I solve it by changing the code to

np.repeat(xrange(x,y), data.astype('int64'))


However, this is now one of the most expensive lines in my code!! Is there another alternative?

By the way, I using this inside

np.random.choice(np.repeat(xrange(x,y), data.astype('int64')), z)


in order to get a sample without replacement with size z of the integers between x and y, with the number of each given in data. I guess this is the best approach for that also right?

Answer

Problem statement

Pretty interesting problem this one! Just to give the readers an idea about the problem without going into the minor data conversion issues, we have a range of values, let's say a = np.arange(5), i.e.

a = np.array([0,1,2,3,4])

Now, let's say we have another array with the number of repetitions listed for each of the 5 numbers in a. So, let those be :

reps = np.array([2,4,6,2,2])

Next up, we are performing those repetitions :

In [32]: rep_nums = np.repeat(a,reps)

In [33]: rep_nums
Out[33]: array([0, 0, 1, 1, 1, 1, 2, 2, 2, 2, 2, 2, 3, 3, 4, 4])

Finally, we are looking to choose z number of elements out of those repeated numbers using np.random.choice() and without replacement.

Let's say z = 7 to choose 7 elements, so with np.random.choice(), we would have :

In [34]: np.random.choice(rep_nums,7,replace=False)
Out[34]: array([2, 4, 0, 2, 4, 1, 2])

Now, this without replacement term here might sound confusing, as we already have repeated numbers in rep_nums. But, what it essentially means is that, the output from np.random.choice() mustn't contain e.g. more than two 4's, because rep_nums has two 4's.
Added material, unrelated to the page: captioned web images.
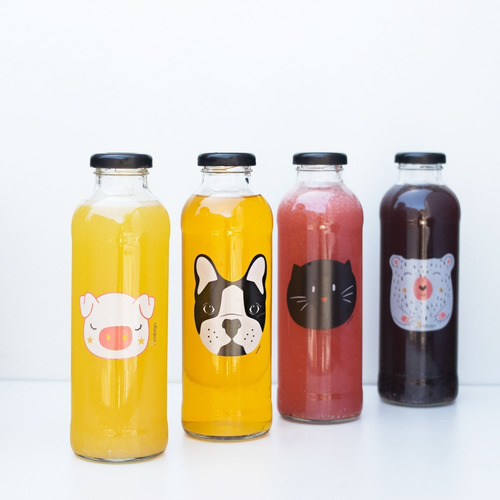 Botella Vidrio 500ml Ecológica Diseño Gato Cat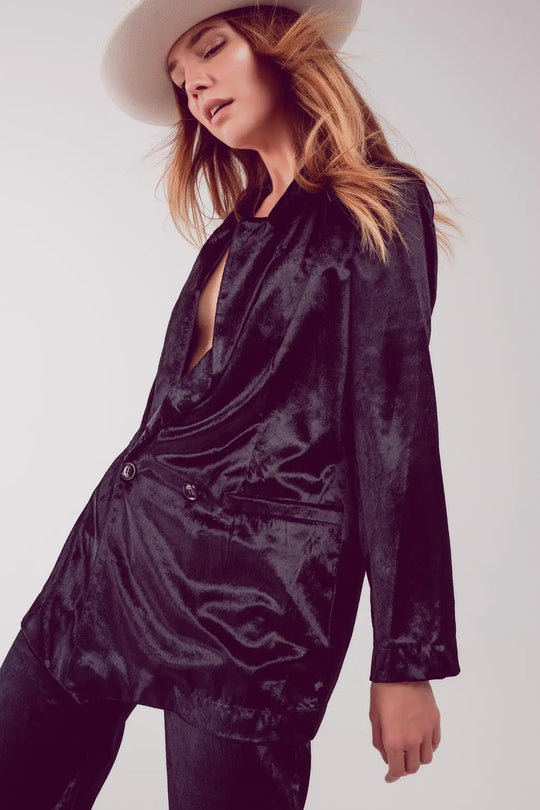 Black velvet oversized blazer - Jackets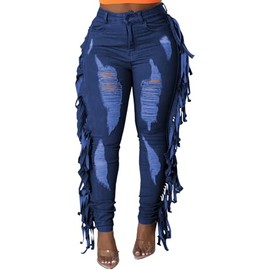 SeNight Women's High Waisted Ripped Jeans Cut Out Destroyed Frayed Tassels Distressed Navy Denim Pants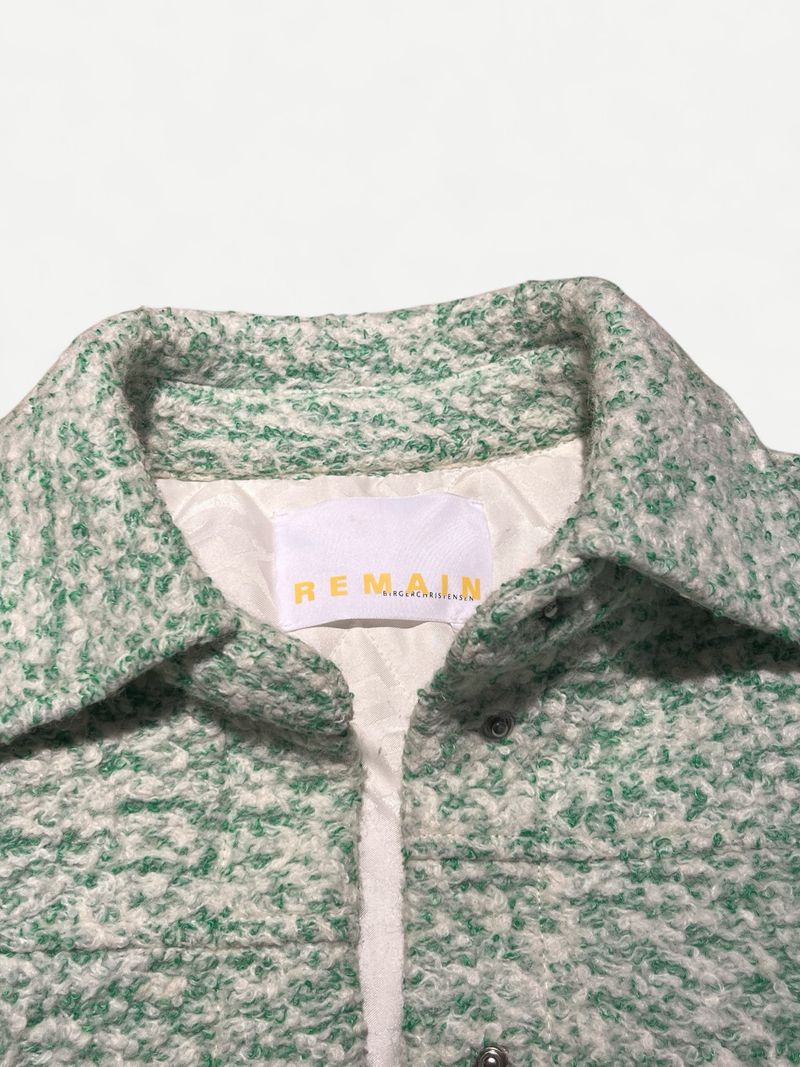 Patterned Oversized Green Jacket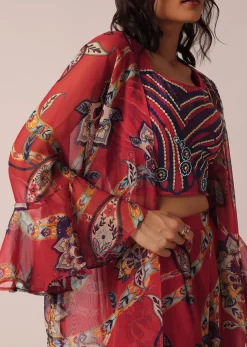 Red Cotton Jacket And Palazzo Set With Printed Detail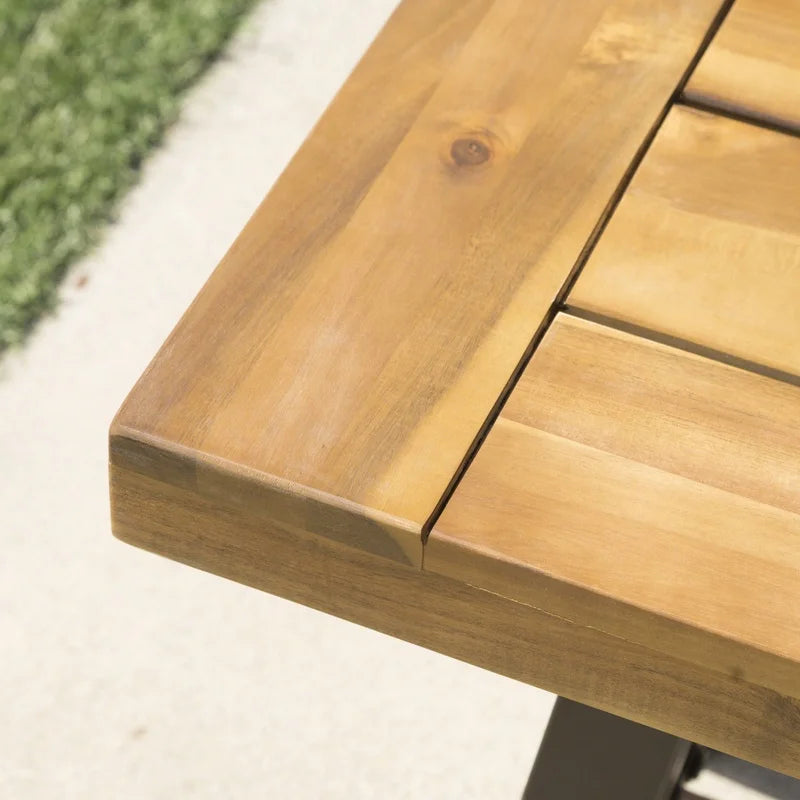 Acacia Wood Outdoor Bench, Backless Patio Seating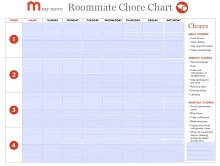 printable customizable chore chart template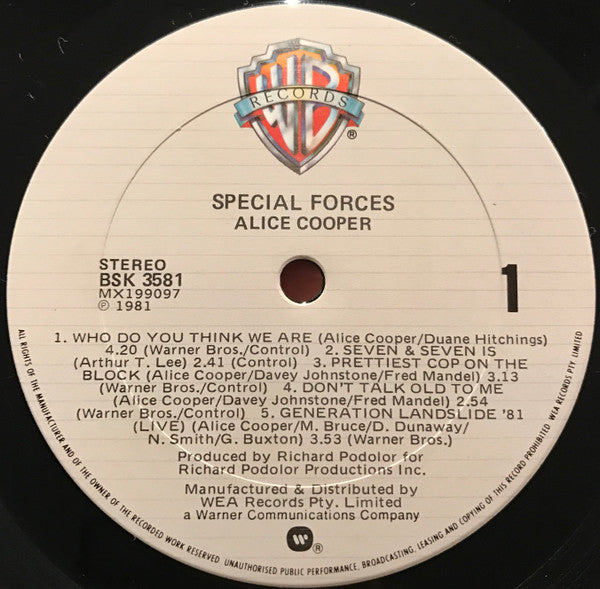 Alice Cooper (2) : Special Forces (LP, Album)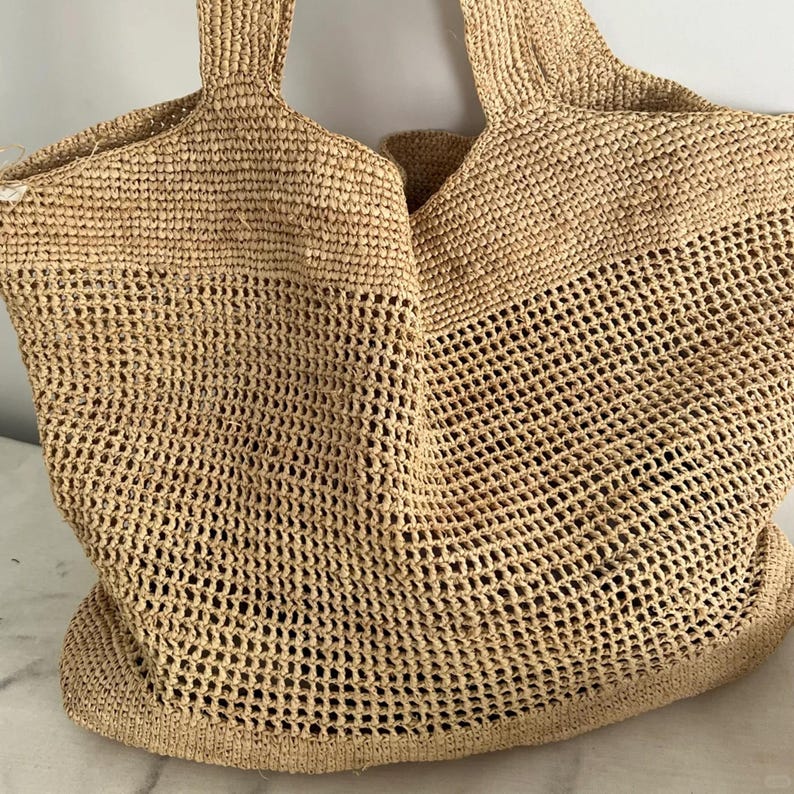 Large Raffia Tote Bag, Handwoven Shoulder Bag, Women's Straw Bag, Beach Bag image 4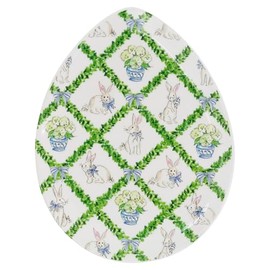 Boston International Egg-Shaped Plate Spring & Easter Ceramic Serving Dish, 9" x 7", Boxwood Trellis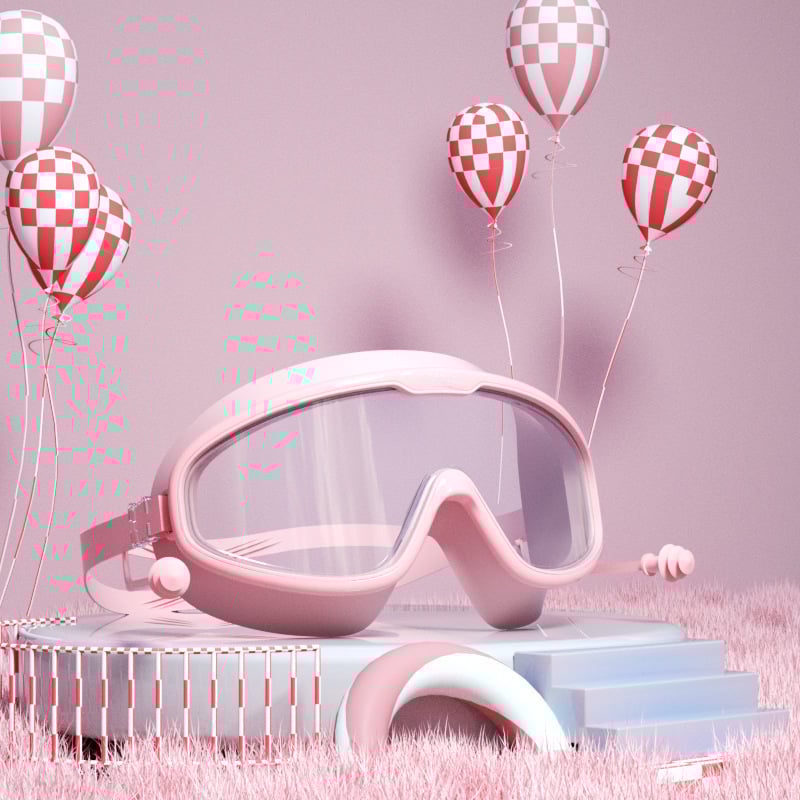 Σετ γυαλιών κολύμβησης για παιδιά με μεγάλο πλαίσιο και καπέλο κολύμβησης, PC φακοί, αντιθαμβωτικά και αδιάβροχα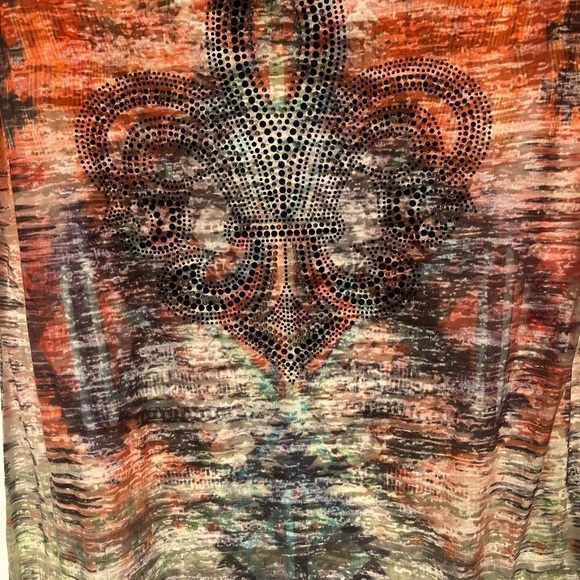 NWT Christina long sleeve burnout top with lace trim and embellishment - Picture 2 of 8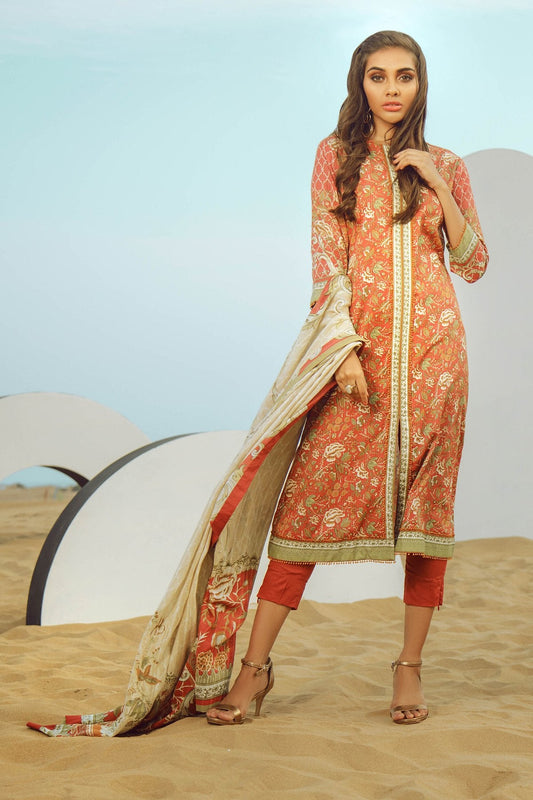 3 Piece Printed Lawn Suit With Brochia Lawn Dupatta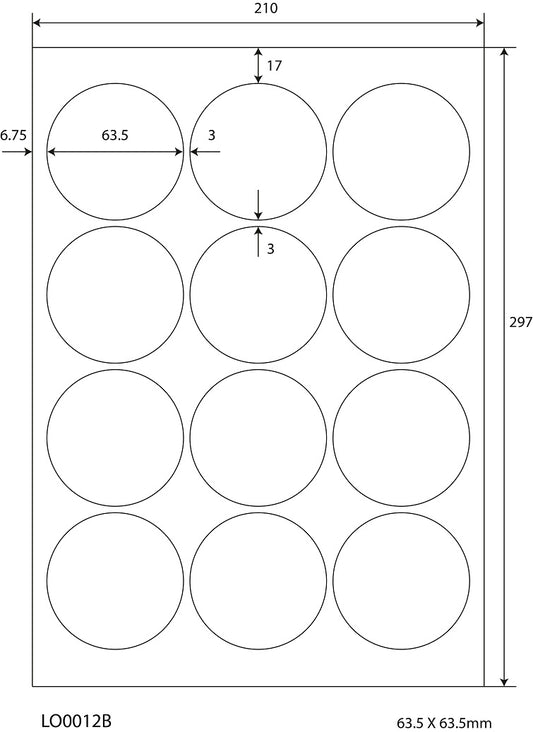1200 gekleurde universele etiketten 63,5 mm rond, op 100 Din A4-vellen, mat, zelfklevend LO-0012-B-70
So, the problem is we want to get rid of that np.repeat part, which might be a bottleneck for really huge arrays.

Proposed approach

Looking at the output from rep_nums, one idea would be to generate z = 7 unique elements ranging across the length of rep_nums :

In [44]: np.random.choice(rep_nums.size,7,replace=False)
Out[44]: array([ 7,  2,  4, 10, 13,  8,  3])

These numbers represent indices for that length. So, we just need to look for the bin (out of the 5 bins) in rep_nums in which each of those 7 numbers would go in. For that, we can use np.searchsorted. Thus, we would have an implementation to handle generic x, y, like so -

# Get the intervals of those bins
intervals = data.astype(int).cumsum()

# Decide length of array if we had repeated with `np.repeat`
max_num = intervals.max()

# Get unique numbers (indices in this case)
ids = np.random.choice(max_num,z,replace=False)

# Use searchsorted to get bin IDs and add in `x` offset
out = x+np.searchsorted(intervals,ids)

Runtime test

Functions :

def org_app(x,y,z,data):
    rep_nums = np.repeat(range(x,y), data.astype('int64'))
    out = np.random.choice(rep_nums, z,replace=False)
    return out

def optimized_v1(x,y,z,data):     
    intervals = data.astype(int).cumsum()
    max_num = intervals.max()
    ids = np.random.choice(max_num,z,replace=False)
    out = x+np.searchsorted(intervals,ids)
    return out

Timings on full functions -

In [45]: # Setup inputs
    ...: x = 100
    ...: y = 10010
    ...: z = 1000
    ...: data = np.random.randint(100,5000,(y-x)).astype(float)
    ...: 

In [46]: %timeit org_app(x,y,z,data)
1 loop, best of 3: 7.17 s per loop

In [47]: %timeit optimized_v1(x,y,z,data)
1 loop, best of 3: 6.91 s per loop

Doesn't look like we are getting good speedup. Let's dig deeper and find out how much are we saving on replacing np.repeat!

First off the original approach -

In [49]: %timeit np.repeat(range(x,y), data.astype('int64'))
1 loop, best of 3: 229 ms per loop

Let's see how much improvement we got on this with the proposed approach. So, let's time everything except np.random.choice() in the proposed approach -

In [50]: intervals = data.astype(int).cumsum()
    ...: max_num = intervals.max()
    ...: ids = np.random.choice(max_num,z,replace=False)
    ...: out = x+np.searchsorted(intervals,ids)
    ...: 

In [51]: %timeit data.astype(int).cumsum()
10000 loops, best of 3: 36.7 µs per loop

In [52]: %timeit intervals.max()
10000 loops, best of 3: 19.1 µs per loop

In [53]: %timeit x+np.searchsorted(intervals,ids)
10000 loops, best of 3: 127 µs per loop

This is much better than 229ms from np.repeat!!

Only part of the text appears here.